Comment by YetAnotherNick
5 days ago
Single point of failure means exactly opposite of what you think it means. If my work depends on 5 services to be up, each service would be a single point of failure, and correlation of failure is good for probability that I can do my work.
I see what you're saying but I have to push back.
"If one thing I need is going to be down, everything might as well be down."
If I have a product with 5 dependencies and one of them is down, there's things I can do to partially mitigate. A circuit breaker would allow my thing to at least stay up and responsive. Maybe I could get a status message up and turn off a feature flag to disable what calls that dependency.
On the other hand, if all my dependencies are down AND the management layer is down AND the AWS portal is not functioning correctly, I'm pretty much SOL.

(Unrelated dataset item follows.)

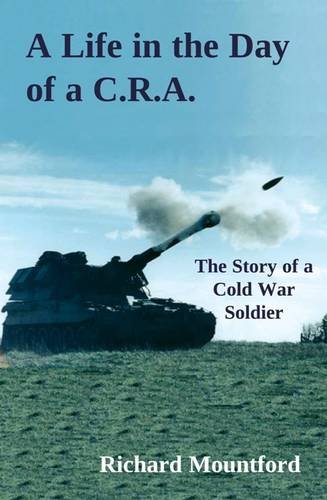 Beispielbild fr A Life in the Day of a C.R.A.: The Story of a Cold War Soldier zum Verkauf von WorldofBooks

Massive centralization is never, ever a good thing for anyone other than the ones who are doing the centralizing.
So if you can just run without one service, what's stopping you to remove the dependency altogether. Why would you only want to remove the dependency when service is down.
So e.g. to get real my application depends on AWS's EC2, RDS, EKS, S3 Cloudflare's DNS, and Redis' instance. If any of those stop working it will go down. If everyone is within SLA, they might as well go down together than separately.
This is a really interesting point, because I could see a situation where your application requires integration with say 10 services. If they all run on AWS, they either all go down or all run together. If they're all self-hosted, there's a good chance that at any time one of the ten is down, and so your service can't run.